The great Hughie Gallacher turned out for Chelsea for the last time in November 1934. With their customary ability to mark historic moments by a disappointing showing, the team lost 2-5 at Elland Road. Gallacher, who would stay up north with Derby County, scored one, George Mills grabbing the other.
There was some symbolism in that: Mills, the dogged and resolute forward matching his inspirational but unreliable strike partner for the last time. It almost represents the unresolved riddle at the heart of the club ever since 1905. Do we prefer showmen or grafters? Do we want to win at all costs, or be entertained?
In truth, the loss of the Scots genius would have been a more bitter blow had he been on top of his game and his lifestyle. The ready attractions of west London and his unstable home life were taking their toll on his performances though. This did not escape club management.
Once Gallacher left Chelsea, his life rapidly and sadly declined. Once out of football he returned to the north-east and tragically committed suicide by throwing himself in front of a train.
In the summer of 1934 Leslie Knighton had planned ahead, bringing in another Emerald Isle star, the prolific Linfield and Ireland centre forward Joe Bambrick.
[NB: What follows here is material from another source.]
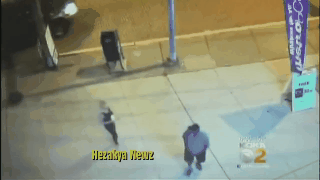 원본확인 클릭 83e9880ba39102180014606a72bdfd2d.gif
He re-signed wandering Alec Cheyne, who returned from a money-spinning two-year spell with Nimes in France, and brought in winger Dickie Spence, a crucial signing from Barnsley.
Yorkshireman Dickie (pictured, above left) was a tiny, sparky livewire on and off the pitch, good with both feet, and with a healthy appetite for goals.
Spence set a Chelsea record for goals by a winger of 19 in his first term – an incredible 12 of which were penalties, many earned through his pace and trickery against cumbersome opponents. He scored all our goals in a 4-1 drubbing of Liverpool and became a regular England international.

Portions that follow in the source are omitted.